4 Handling SLF Segments

In this section, you will learn about SLF Segments, detecting any failed SLF Segment in Provisioning Gateway setup, removing that failed SLF Segment and after fixing the issue, restoring that segment back to the setup.

Understanding the SLF Segment

The Provisioning Gateway receives provisioning requests from a provisioning client, forks the requests and sends it to all its configured SLF Segments. It accumulates all the responses it receives from each of the SLF Segment and sends a final response to the provisioning client.

Note:

The SLF Segment can have more than one SLFs. And, you can deploy more than one SLF Segment.

If all the SLFs in the SLF Segment are down and other segment responds success, the final response is failure. It causes the provisioning system to retry the same message without letting the user to know about the original problem. In this case, the user needs to remove that faulty segment from the Provisioning Gateway.

Detecting SLF Segment Failure

Provisioning Gateway raises Prometheus alerts that helps you to detect the SLF Segment failure or unavailability. You can monitor the following alerts using the Prometheus server:

ProvgwSegmentDownAbove1Percent (Warning): Indicates more than 1% and less than 10% of the total number of messages lost due to a segment failure.
ProvgwSegmentDownAbove10Percent (Minor): Indicates more than 10% and less than 25% of the total number of messages lost due to a segment failure.
ProvgwSegmentDownAbove25Percent (Major): Indicates more than 25% and less than 50% of the total number of messages lost due to a segment failure.
ProvgwSegmentDownAbove50Percent (Critical): Indicates 50% or more number of total messages lost due to segment failure.

[OR]

You can observe the Provisioning Gateway logs. These logs helps you to identify whether all the IP Addresses in the SLF Segment are down or not.

You can also receive or get the responses and verify which segment is not available or has gone down while looking into the problem statement.

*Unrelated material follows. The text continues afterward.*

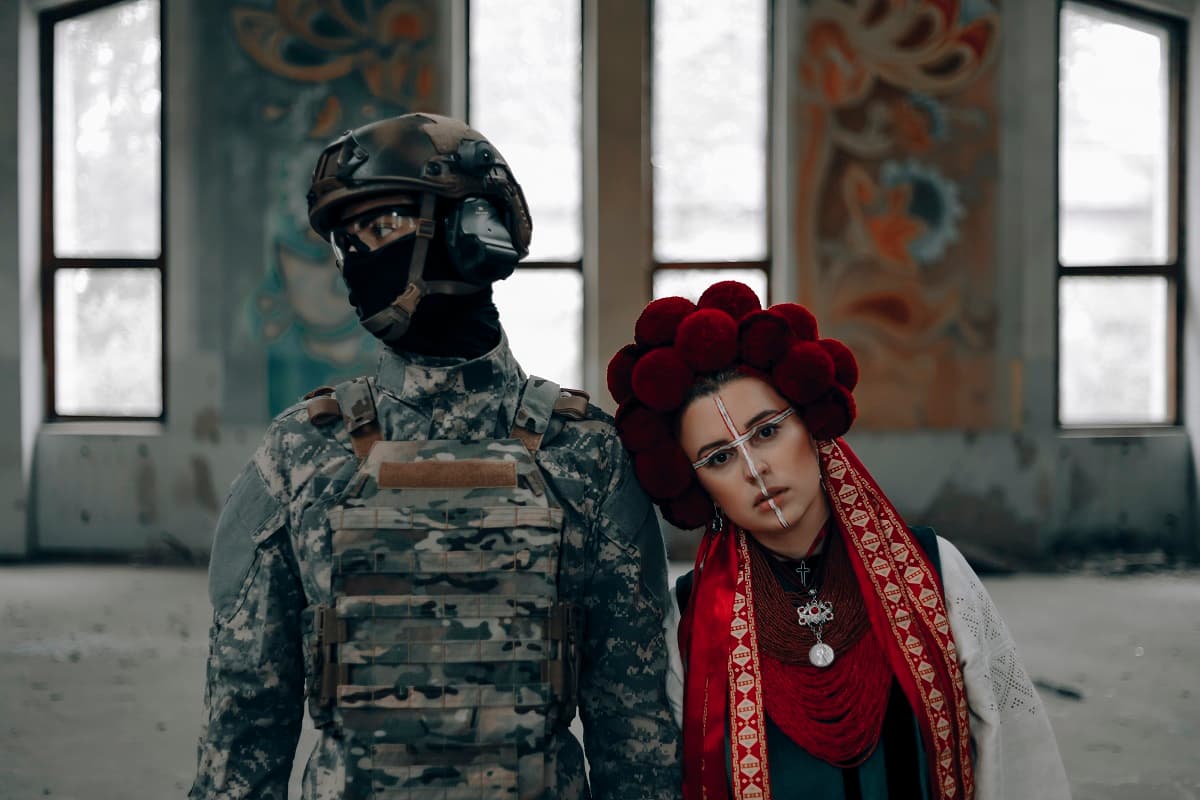 Тренажер стрільби з РПГ, плетіння мотанок, фото у національному вбранні: що чекає на полтавців на Бандерівському Ярмарку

Removing Failed SLF Segment

To remove the failed SLF Segment:

Execute the following command to copy the provgw-custom-values.yaml file.
cp provgw-custom-values.yaml provgw-custom-values.yaml.bkp
Edit the provgw-custom-values.yaml file and remove the faulty segment details completely.
Stop the Auditor Service.
Example:
1. In the initial deployment, there are two segments, SEG-1. SEG-2.
  
  Figure 4-1 Segments Deployed
2. The user identifies that SEG-1 has gone down and wants to remove it. To remove SEG-1, user should remove the entire segment configuration details from the .yaml file as shown below:
  
  Figure 4-2 Removing Segment Details
3. Change the auditor-service.enabled to false to stop the Auditor service.
  
  Figure 4-3 Stopping Auditor Service
4. After making necessary configuration changes in the .yaml file, execute the following command to do Helm upgrade.
  helm upgrade <release-name> <helm chart path> –- namespace <provgw namespace>

Restoring SLF Segment

After updating the SLF segment and assuring that it is ready to accept the messages, the user can add this segment back to the previous configuration. To restore the SLF Segment:

Copy the provgw-custom-values.yaml.bkp to provgw-custom-values.yaml if the updated SLF Segment is same as the previous one. If it is a new SLF Segment, then update the new segment details in the provgw-custom-values.yaml file.
After making necessary changes, execute the following command to upgrade helm:
helm upgrade <release-name> <helm chart path> – namespace <provgw namespace>
Verify if all the pods are up and running in the same namespace.